Po remoncie, który zgodnie z założeniami ma trwać do listopada przyszłego roku wszystkie funkcje – parking, przystanek komunikacji miejskiej – wrócą na plac.
- Pierwsze wrażenie się liczy i plac Stefanidesa powinien być estetyczny, bo to pierwsze co się widzi po przyjeździe na Stare Miasto. Ale do samego parkingu nie mam uwag, nie ma dziur. Nie to co na ul. Królowej Jadwigi, gdzie jest o wiele gorzej – ocenia Przemysław Sokół, notariusz, który ma kancelarię przy placu Stefanidesa. – Jestem tu od dwóch lat, czasów, kiedy był tu dworzec PKS nie pamiętam – dodaje.
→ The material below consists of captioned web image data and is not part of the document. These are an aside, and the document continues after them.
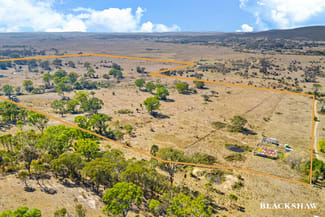 Rural / Farming commercial property sold at Lot 9 DP 8 Bowera Road Collector NSW 2581 Rural / Farming commercial property sold at Lot 9 DP 8 Bowera Road Collector NSW 2581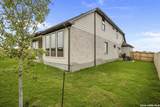 4770 Park Bluff - Photo 35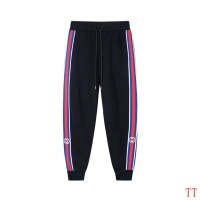 Gucci Pants For Unisex #1241174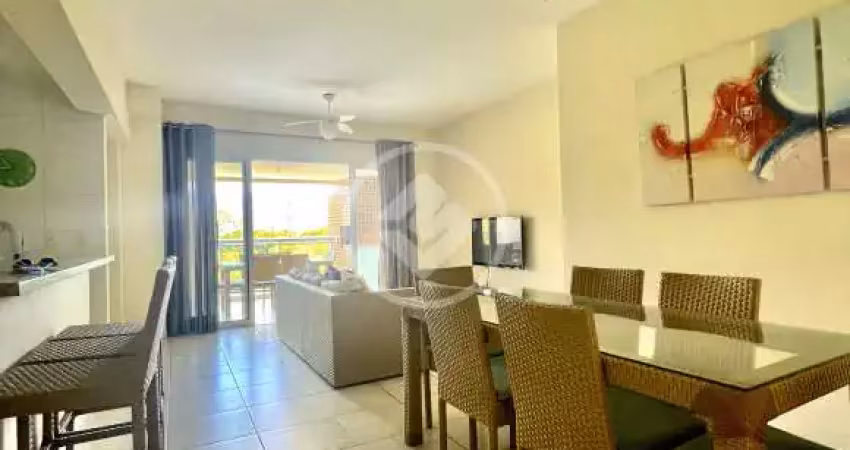 Apartamento com 2 quartos à venda na Alameda Um, 152, São Lourenço, Bertioga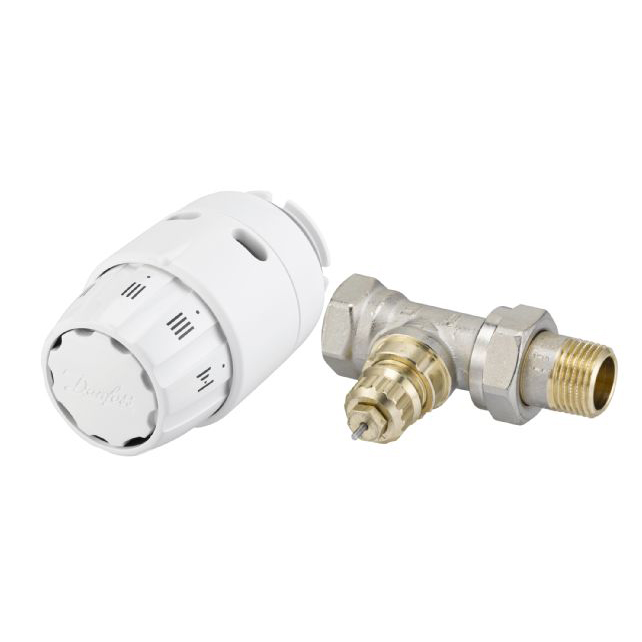 Термовентиль для радиатора 1/2 комплект термостатический. Кран с термоголовой на 15. Комплект кранов с термоголовкой для радиаторов 1/2. Комплект радиаторный delta. Комплект радиаторный с термоголовкой.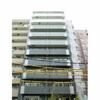 y&elf 9階 築14年5ヶ月の賃貸物件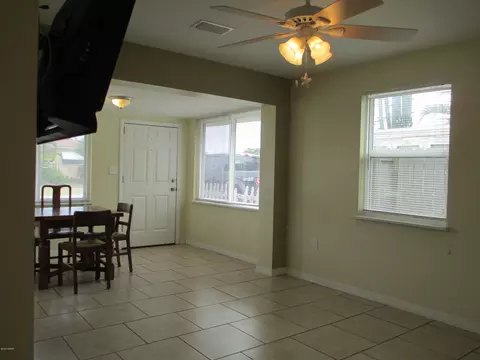 155 Holland Rd, Ormond Beach, FL 32176 photo 2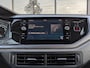 Volkswagen Polo 1.0 TSI Highline | Carplay | Adaptive Cruise Control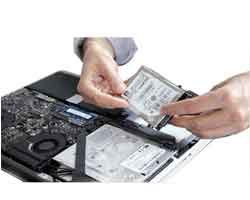 Asus VivoBook 15 X509 Hard Disk Repair in chennai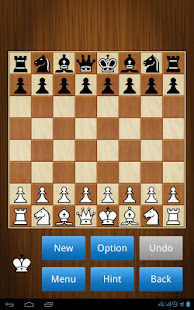 Chess(圖7)-速報App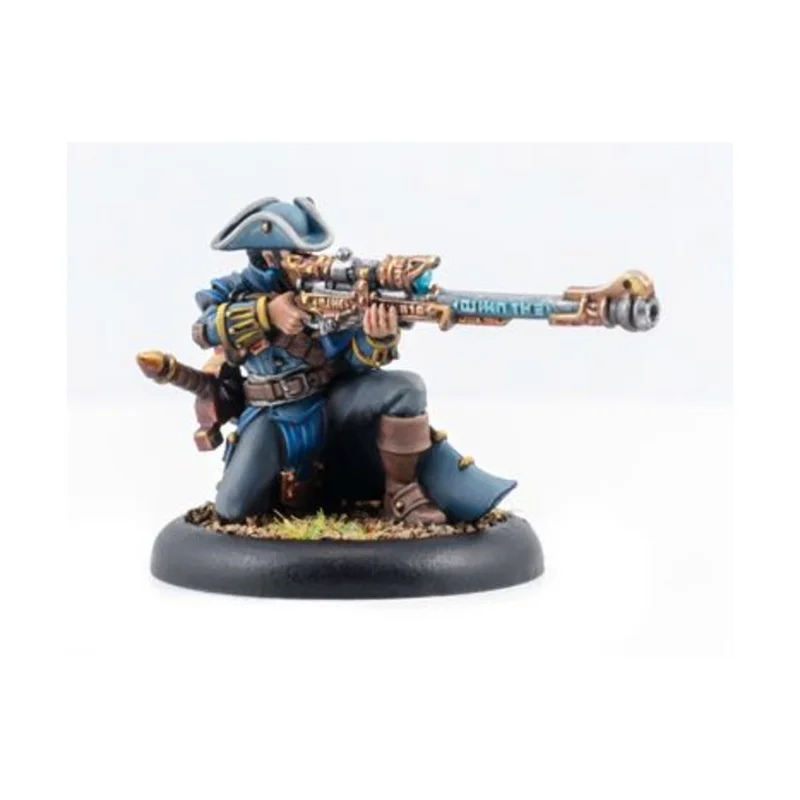 nobleknight-220260425113639683232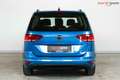 Volkswagen Touran Comfortline Aut. | VIELSEITIG | Discover Blau - thumbnail 6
Dziś plac wydaje się mniejszy, gdy go porównać z fotografiami z lat 60. czy 70. ubiegłego wieku gdy łączył funkcje dworca autobusowego i targowiska. Trudno sobie wyobrazić, że środkiem placu ciągnęło się kilkanaście stanowisk dla autobusów a dookoła było mnóstwo ludzi.
Dowodem istnienia dworca jest budynek dawnej kasy. Ostatnio działał tu kantor. To ostatnie tygodnie tej pamiątki. Będzie rozebrana.
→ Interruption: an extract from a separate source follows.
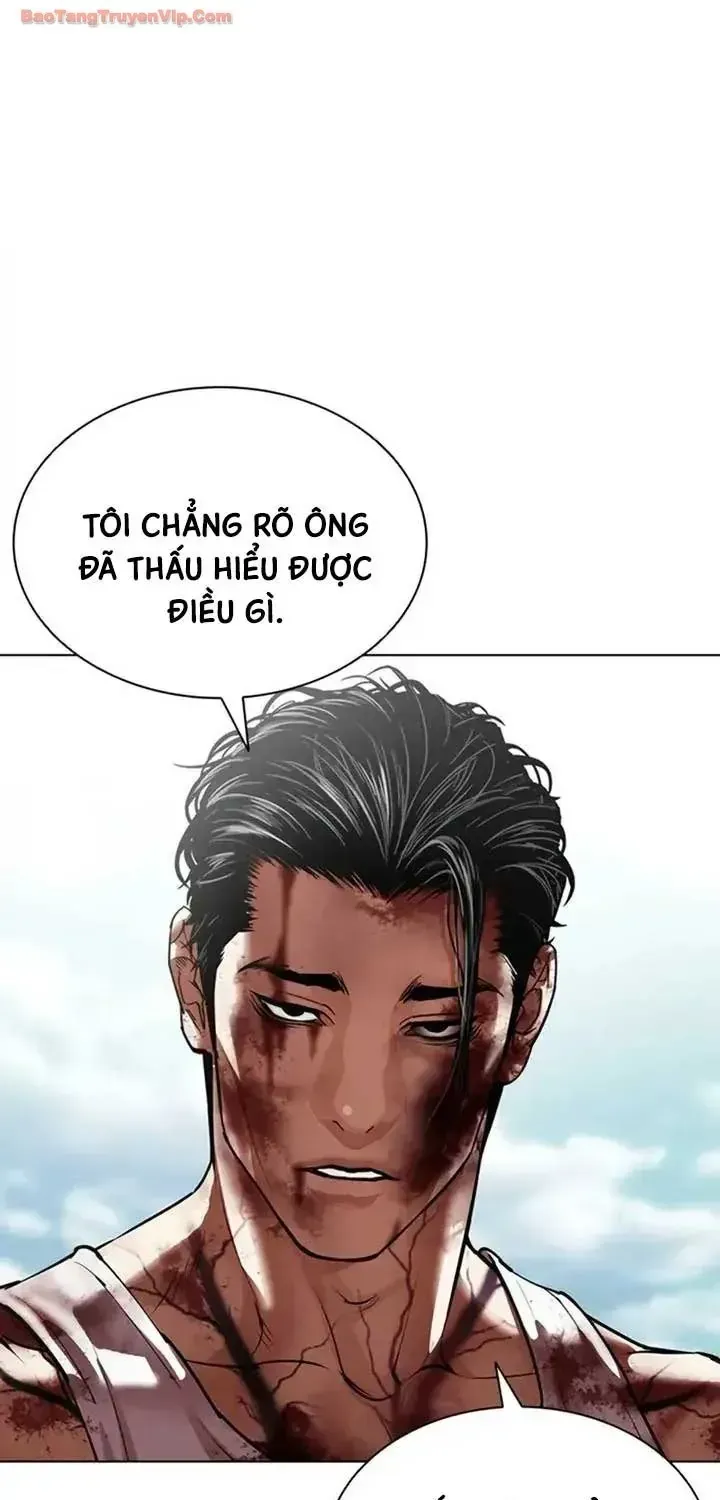 Chapter 604 - Trang 8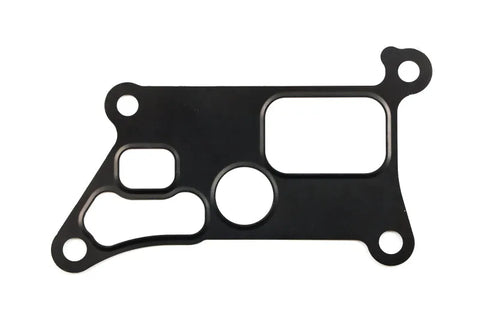 Cometic .010in Rubber Coated Stainless EGR Passage Gasket (K20Z3/K24A2/K24A4/K24A8/K24Z1)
Projekt zakłada m.in. przywrócenie historycznego poziomu ulic, nie będzie schodów przy Bramie Lubelskiej Nowej i Nadszańcu Bastionu VI. Ulica Łukasińskiego będzie miała nową nawierzchnię z kostki granitowej. Ruch samochodowy będzie tu spowolniony, ruch pieszy i rowerowy będą traktowany priorytetowo. Plac i ulica Łukasińskiego (od ronda Jana Zamoyskiego do „ekonomika”) będą miały nowe oświetlenie. Pojawi się nowa zieleń.
Wykonawca ma czas do listopada przyszłego roku.